12. The system of claim 11, further comprising: an extractor to
extract features from a module of source code. wherein the
classifier is configured to classify the module of source code by
comparing the extracted features to the expertise estimation
model.
13. The system of claim 12, further comprising: a risk estimator to
estimate a risk level of the module of source code based at least
on the classified skill level and an additional software risk
metric.
14. The system of claim 10, wherein the programming features
comprise lexical features, syntactic features, and semantic
features.
15. The system of claim 13, further comprising: a parser to extract
syntactic features from the source code; and a static program
analysis tool to extract semantic features from the source
code.
16. A non-transitory computer readable storage medium storing
instructions that, when executed by a processor, cause a computer
to: extract lexical features, syntactic features, and semantic
features from source code; and classify the source code by
comparing the extracted lexical, syntactic, and semantic features
to an expertise model, the expertise model modeling a usage
frequency of the lexical, syntactic, and semantic features
according to a plurality of skill levels.
17. The storage r medium of claim 1, further storing instructions
that cause a computer to: assign a risk estimate to the source code
based on the classification.
Description
BACKGROUND
[0001] It can be challenging to manage the software development
process. One factor that can influence the quality of a software
project is the skill of the developer(s) who author the source code
for the project. Sometimes one may be aware of the skill level of
the developers staffed on the project and may assess the quality
and trustworthiness of source code based on that information.

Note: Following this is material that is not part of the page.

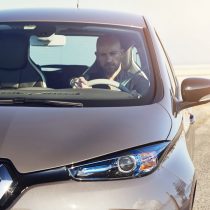 Фотография модели Renault ZOE Z.E. 40 (2017) - фото 27 Фотография экоавто Renault ZOE Z.E. 40 (2017) - фото 27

However, with large software projects, this may not always be the
case, especially if temporary workers are involved. In addition,
particular modules of source code may be associated with multiple
authors of varying skill level. Furthermore, one may not be
familiar with the author(s) of legacy source code, or the skill
level of such authors may have changed over time.
[0002] Typical software quality metrics may look only at whether
there are defects (i.e., errors) in the source code These metrics
only penalize code that is actually defective and may not identify
low quality source code that happens to have no defects. Other
software quality metrics may rely on proxies such as code length.
Such metrics may penalize a piece of source code because it solves
a complex problem. The low score thus may derive from the intrinsic
complexity of the problem, rather than from poor design or lack of
skill of the developer. Accordingly, it can be difficult to
accurately evaluate the quality and trustworthiness of source code.
It can also be difficult to assess the skill level of a
developer.
BRIEF DESCRIPTION OF DRAWINGS
[0003] The following detailed description refers to the drawings,
wherein:
[0004] FIG. 1(a) illustrates a method of classifying source code
using an expertise model, according to an example.
[0005] FIG. 1(b) illustrates a method of extracting programming
features, according to an example.
[0006] FIG. 2 illustrates a method of classifying multiple source
code modules using an expertise model, according to an example.
[0007] FIGS. 3(a)-3(c) illustrate histograms of programming feature
usage corresponding to an expertise model, according to an
example.
[0008] FIG. 4 illustrates a system for classifying source code
using an expertise model, according to an example.
[0009] FIG. 5 illustrates a computer-readable medium for
classifying source code using an expertise model, according to an
example.
DETAILED DESCRIPTION
[0010] According to an example, a technique may evaluate source
code based on an expertise model. The expertise model may be used
to estimate the skill level of the author(s) of the source code.
For instance, the technique may include extracting features from
source code written in a programming language. The technique may
further include classifying the source code by comparing the
extracted features to an expertise model. The expertise model may
model a usage frequency of programming features of the programming
language according to a plurality of skill levels. For example, the
skill levels may include novice, normal, and expert. The
programming features may include lexical features, syntactic
features, and semantic features. The expertise model may further
model other metrics relating to usage of the programming features,
such as an average length of functions by skill level, an average
number of arguments per function by skill level, and combinations
thereof. A risk level may be assigned to the source code based on
the classification. Additionally, an estimated skill level may be
assigned to an author of the source code based on the
classification.
[0011] As a result, the quality and trustworthiness of software
modules may be estimated using the disclosed techniques. This
information may be used to manage a software project and/or to
decide whether to use a particular legacy software module.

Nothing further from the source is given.